The standard should be, let’s think about what plans you need to make.
I’m going to refer you to a social worker, and that needs to be a covered service for your insurance. Do you need to just have some support groups that you go to, to think this through? Maybe you need to think about your housing. Is it good for aging in place, for being vulnerable? Are you the financial decision maker in your family, and now you have dementia? And are you aware that financial thinking ability is one of the first things to go in dementia? So how can we help you protect your finances, make some plans?
And not just preparing for bad things. What good things can we advise you about? What do you love to do that you can still keep doing? How can we help you with quality of life?
And, we can’t retrain every neurologist to do that; it’s not right for that person to have that job. But it’s right for that person to know that job needs doing, and to figure out how they can take responsibility for plugging you into a new world of things that you’re going to need some help with.
So, right from the first day, from the day somebody tells you they think you have dementia, I’d like to see us think about that differently. And right now, that’s not the standard of care. The best places don’t do that.
Do you think it’s because physicians don’t feel it is their job?
Right. ‘That’s not medicine.’ And that’s, basically, incorrect. I think it’s an ethical problem to say, ‘Well, you know, I’m a physician, I don’t deal with social work.’ You should say, ‘I am a physician, I deal with the care of people.’
It doesn’t have to be a billable service.

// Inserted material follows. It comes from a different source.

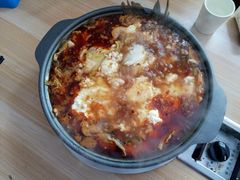 -独一家豆花庄铁锅炖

And I get it, medicine is complicated. You don’t have to do that work, but you should be aware that these are the ways that we actually can help people.
So, I think that’s from day one. And then there are a lot of things we could do for people in the middle phases of dementia.

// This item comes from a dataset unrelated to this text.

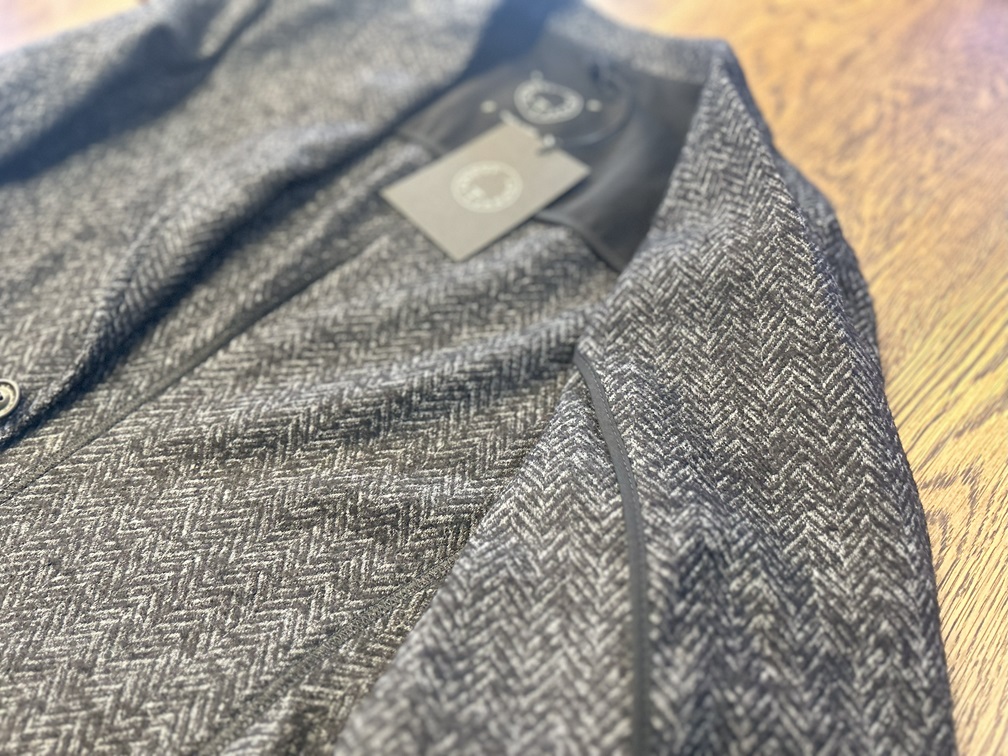 T JACKETのヘリンボーン生地感ディテール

There’s a wonderful book called The American Healthcare Paradox, which makes a simple, really important point, which is that the reason other economically advanced countries that are our peers have better health outcomes is that they put more money into social services than we do.
They put much less into acute medical care, but they put more into social services. So, if you want good health outcomes, if you actually just care about health rather than medical care, you put more money into social services.